De estos dos escenarios ominosos de una república exánime que no “se prepara para saltar” como el león del poeta Paz y más bien opta por el retiro y el silencio, pocos se acuerdan hoy; desde luego no el gobierno derrotado del licenciado Calderón. Quizás porque el primero de estos panoramas, el del decaimiento flagrante de la política como democracia, reclame de una reforma racional de la política y no sea en sí mismo una causa que emocione a las almas puras; quizás, porque la obsolescencia precoz de la juventud provocada por la sangría productiva nacional y la hecatombe destructiva de nuestra educación pública, supongan también proyectos de largo alcance y visión de conjunto y no puedan traducirse con eficacia en causa movilizadora de sensibilidades modernas.
El caso es que, sitiada en todos sus flancos, la democratización nacional entra en receso con y sin elecciones y grandes vuelcos en la composición política formal, mientras que las fuerzas productivas se oxidan y las relaciones sociales fundamentales se corroen para desembocar en una crisis mayor de proporciones gigantescas. No es en la economía sino en la moral pública donde debe empezarse la búsqueda de una salida de este laberinto que ya suena, huele y duele como horno de todas las vanidades.

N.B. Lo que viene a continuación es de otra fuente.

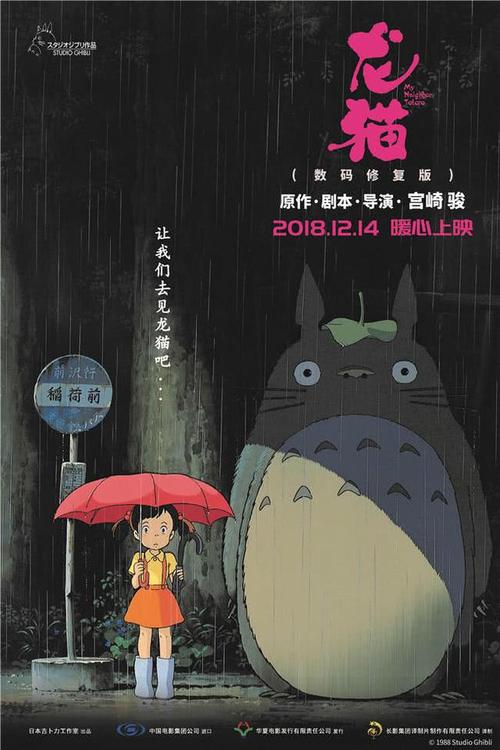 哪里可以办健康证明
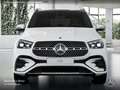 Mercedes-Benz GLE 450 4M AMG+PANO+360+AHK+MULTIBEAM+22"+HUD+SPUR Weiß - thumbnail 6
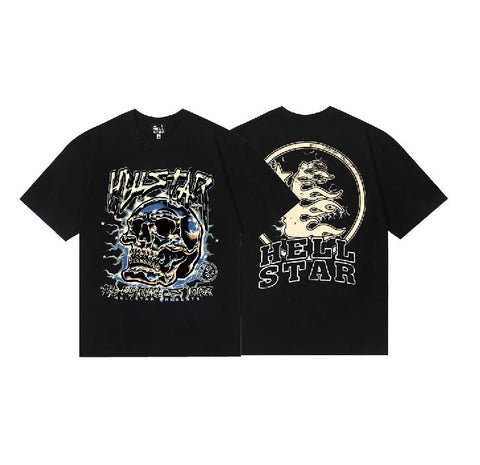 Hellstar T-Shirt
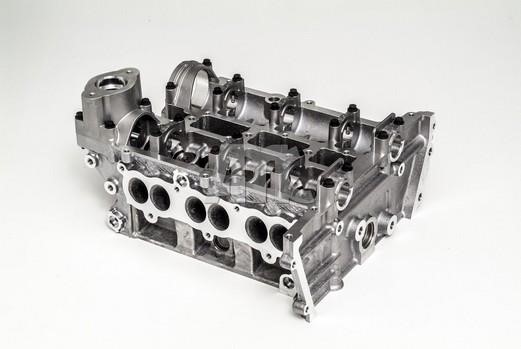 Amadeo Marti Carbonell Cylinder Head – price [object Object] PLN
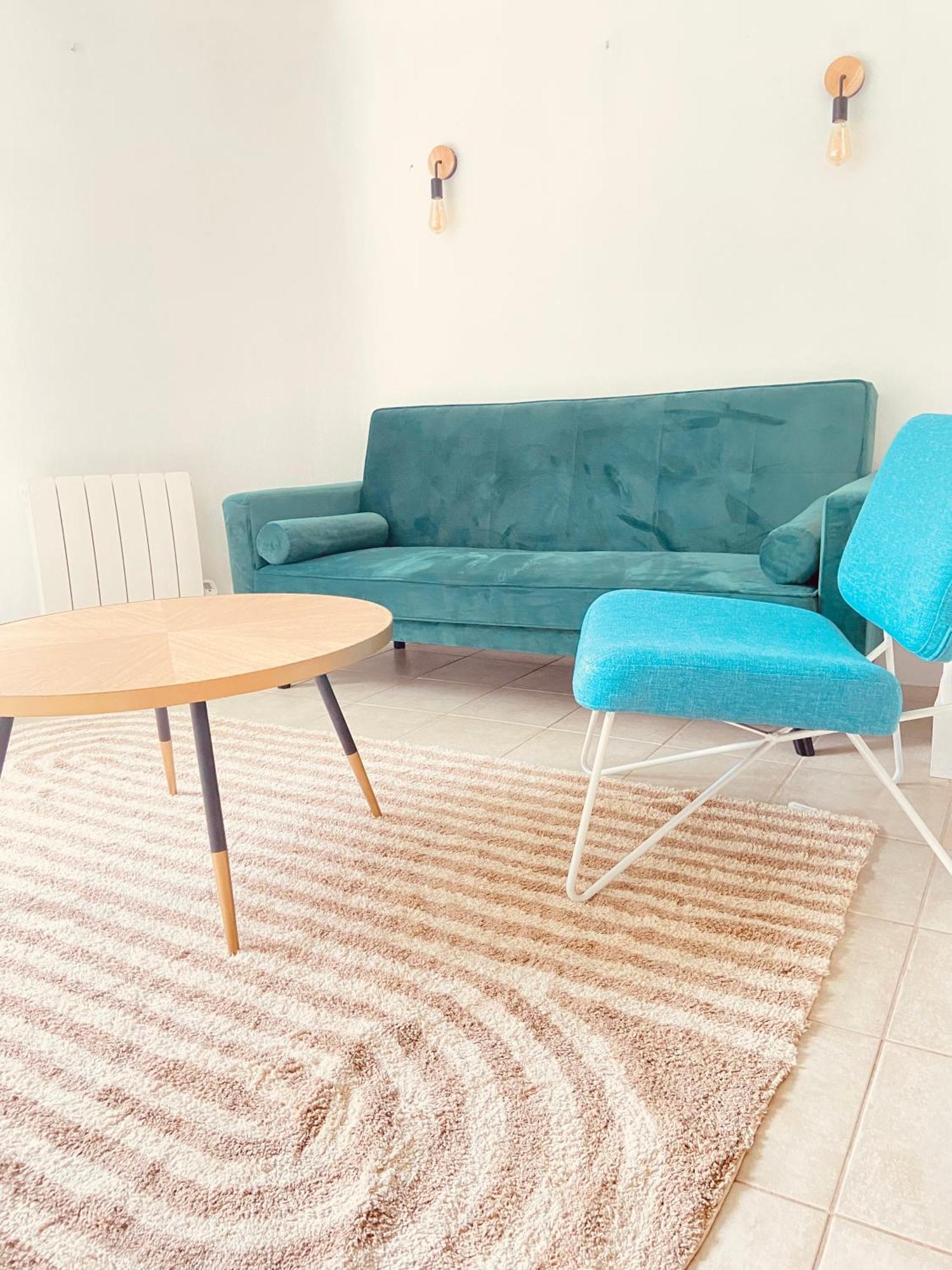 Maison Le Havre Des Marees Cabourg Dış mekan fotoğraf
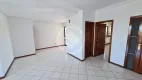 Foto 17 de Apartamento com 3 Quartos à venda, 161m² em Araés, Cuiabá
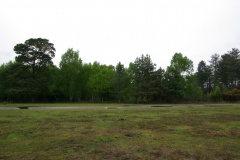 imgp3230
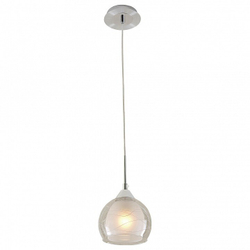 Подвесной светильник Citilux CL157112
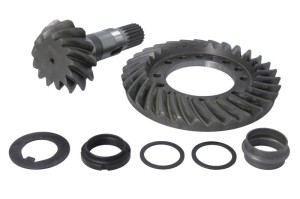 Zestaw naprawczy mechanizmu różnicowego 66090-CR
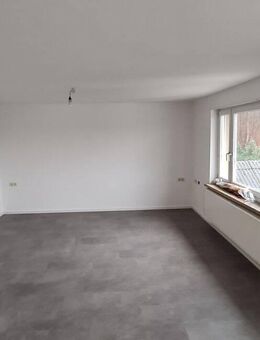 Dreifamilienhaus für mehr Generationen oder als Kapitalanlage - Buchloe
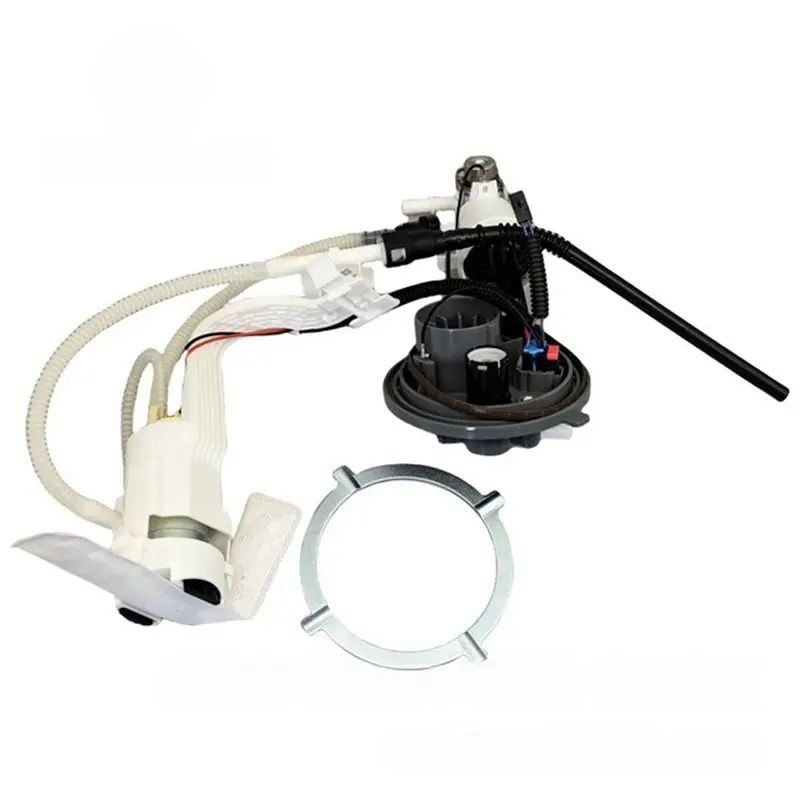 Fuel Pump Module 75…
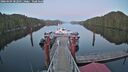 ./images/calvert/dock/20260409/dock20260409_202501M.jpg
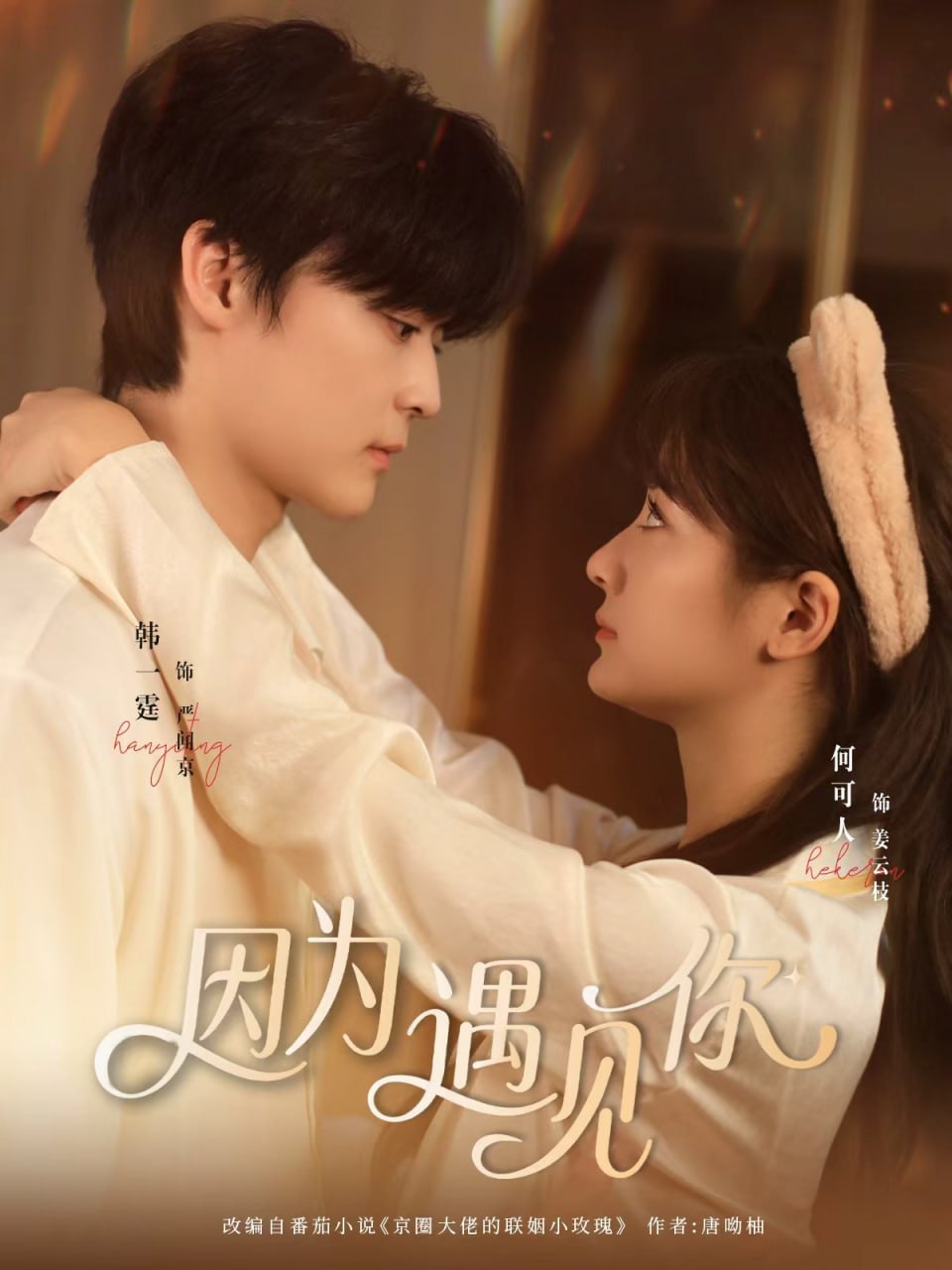 电视剧出生入死全集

Ante el asesinato vil de sus paisanos, el denodado luchador chihuahuense Jaime García Chávez nos advierte: “Todo nos duele. Nos duelen los huesos, los cartílagos, los nervios, los tendones, los músculos, los tejidos más complejos… el corazón. Si tenemos alma, el alma también nos duele. El dolor es inmenso, individual y colectivo. Duele en la calle y en la casa; en la fábrica y en la oficina; en la escuela, en la iglesia y en el templo. Es un dolor omnipresente que aún no se traduce en estado de vergüenza generalizado que mueve voluntades, derroca gobiernos y le da nuevo cauce a la cultura. La noticia del asesinato de Benjamín Le Baron y su cuñado Luis Widmar fue como un rayo fulminante que recorrió la médula espinal de prácticamente todos los chihuahuenses, no se diga de los familiares y miembros de la comunidad mormona del municipio de Galeana, de Chihuahua y de donde quiera que esté un adepto del culto reformado que llegó al país en búsqueda de paz, prosperidad y tolerancia inspirados por los liberales del siglo XIX mexicano.
“En ocasiones similares, apretando los puños, podíamos repetir la conseja del filósofo Spinoza: no llorar sino entender, pero hoy hasta eso es imposible porque el gran dolor, al estar en todas partes, lo sofoca, contiene hasta el entendimiento. ¡Estamos aturdidos!”.
Sí, es el aturdimiento que apabulla la razón y sofoca la indignación lo que nos tiene así, al borde de un abismo que la crisis económica no puede sino volver más hondo, sin fondo a la vista. Como cascada inmisericorde la lista del IMSS abre el arcón de las miserias nacionales acumuladas, incluida la de unas clases dominantes envueltas en la depredación absoluta (¿Quieres ser industrial, constructor, agricultor, profesionista o científico? ¿Para qué tanto lío y riesgo? ¡Consíguete una guardería subrogada del Seguro! ¡A lo seguro, mi hija!). Y así, mientras no se traduzca todo esto y lo que sigue en un “estado de vergüenza generalizado” que nos lleve al riesgo de la obligada, nunca segura, reconstrucción de la república que nos legaron los grandes de la Reforma y que el presidente Cárdenas volviera cantera de esperanzas y alientos todavía no agotada.